Derived from a monthly survey of its new home builder members, the HMI gauges builder perceptions of current single-family home sales and sales expectations for the next six months as "good," "fair" or "poor." The survey also asks builders to rate traffic of prospective buyers as "high to very high," "average" or "low to very low." Scores for each component are then used to calculate a seasonally adjusted index where any number over 50 indicates that more builders view conditions as good than poor.
All the HMI indices posted or matched their highest readings ever in October. The HMI index gauging current sales conditions rose two points to 90, the component measuring sales expectations in the next six months increased three points to 88 and the measure charting traffic of prospective buyers held steady at 74.
In addition to setting new highs, the HMI has carried out a stunning comeback from its April level after a 42 point plunge.
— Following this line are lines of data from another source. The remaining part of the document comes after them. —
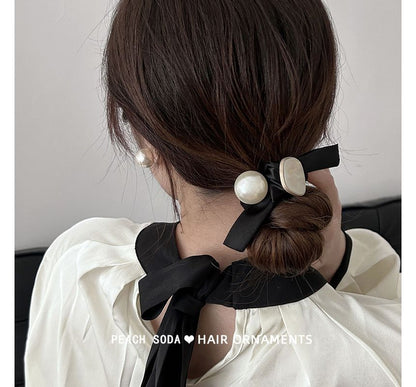 Faux Pearl Hair Tie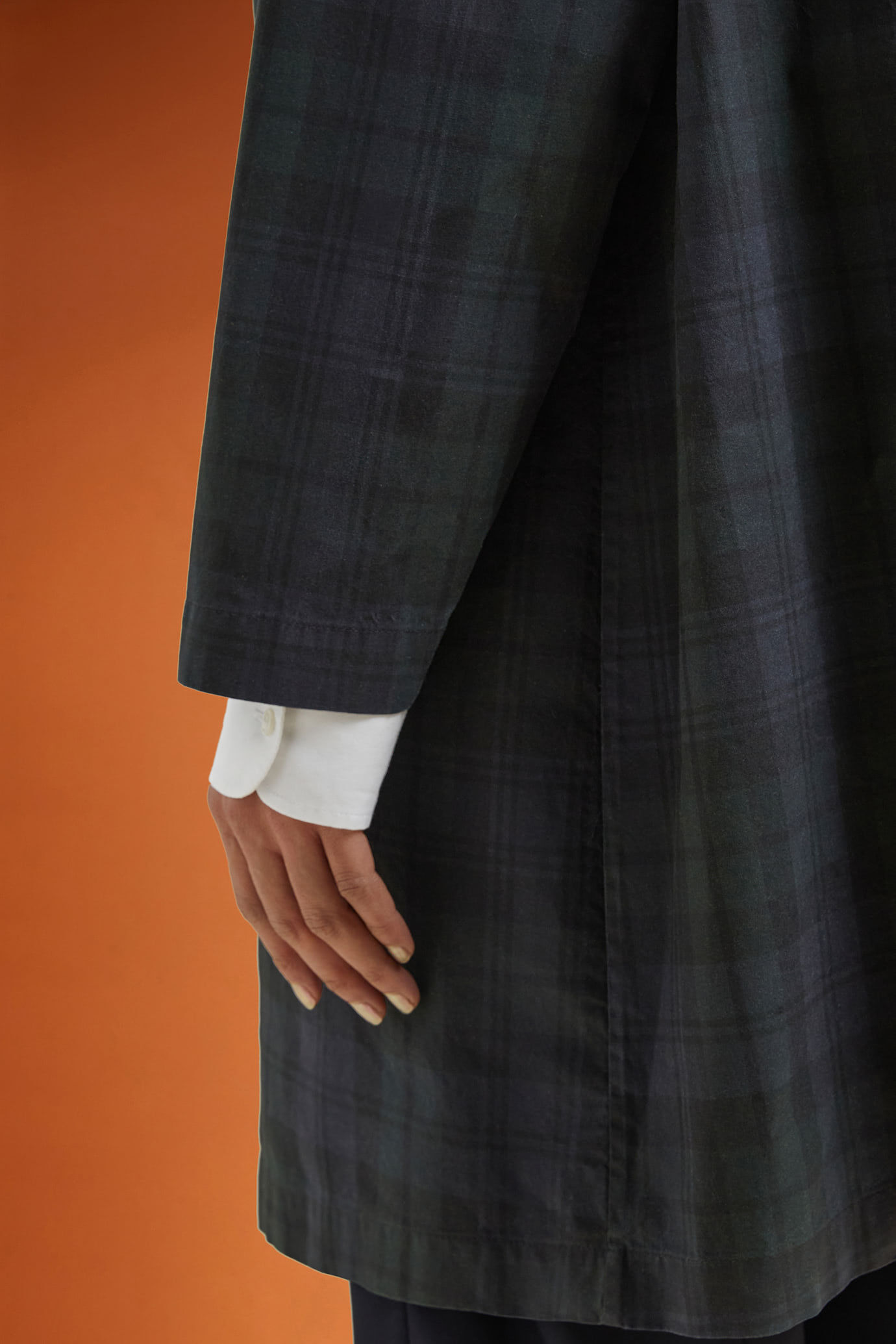 Women's regular fit checked duster coat in coated cotton image number 3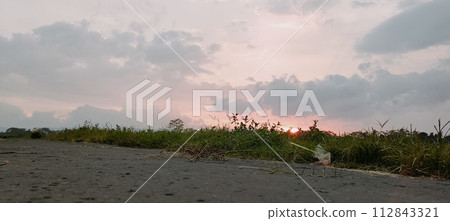 Rural roads are full of grass and quiet in the afternoon 112843321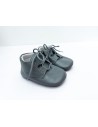 zapatos grises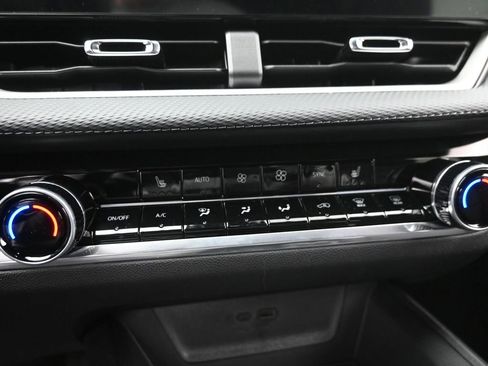 New 2026 Chevrolet Equinox LT w/ Convenience Package II image 17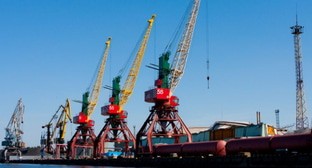 Аналитики поспорили о перспективах строительства порта в Калмыкии и канала "Евразия"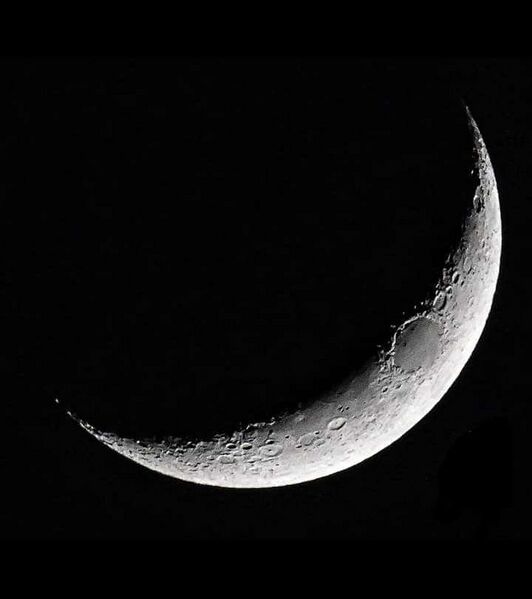 File:Moon NO.2 (Markrie's telescope).jpg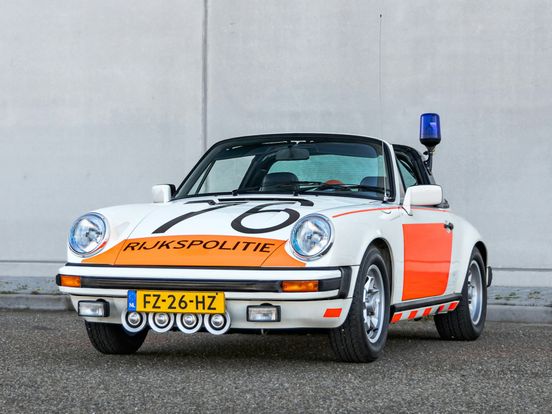 Bert (70) en Jan (75) bewaren warme herinneringen aan hun koude politie-Porsche: 'Die was toch wel het mooist'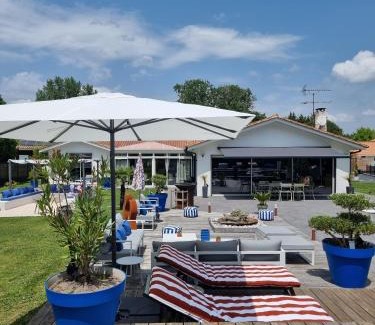 Saint-Jean-d'Illac Cama Y Desayuno | La Parenthèse du Las, Maison d'hôtes avec Piscine et Spa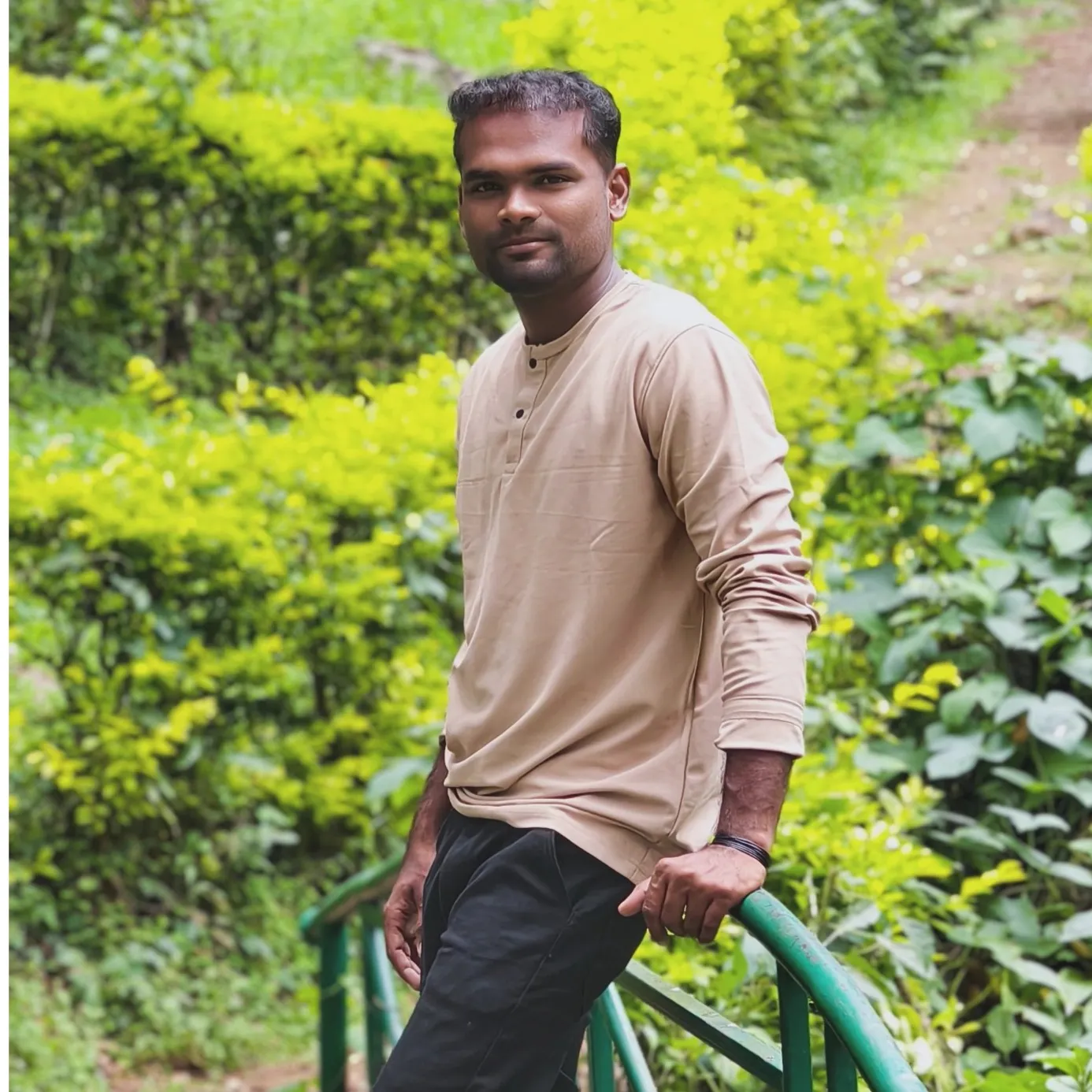 Sundar 64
The index had recovered enough by August to set an all-time high, one that has subsequently been broken twice.
"The housing market continues to be a bright spot for the economy, supported by increased buyer interest in the suburbs, exurbs and small towns," said NAHB Chief Economist Robert Dietz. "NAHB analysis published last week showed that new single-family home sales are outpacing starts by a historic margin. Bridging this gap will require either a gain in construction volume or reductions in available inventory, which is already at a historic low in terms of month's supply."
Regional scores are reported as three-month moving averages. The index in the Northeast increased 6 points to 82, the Midwest and the South each gained 3 points to 75 and 82, respectively and the West rose by 5 points to 90.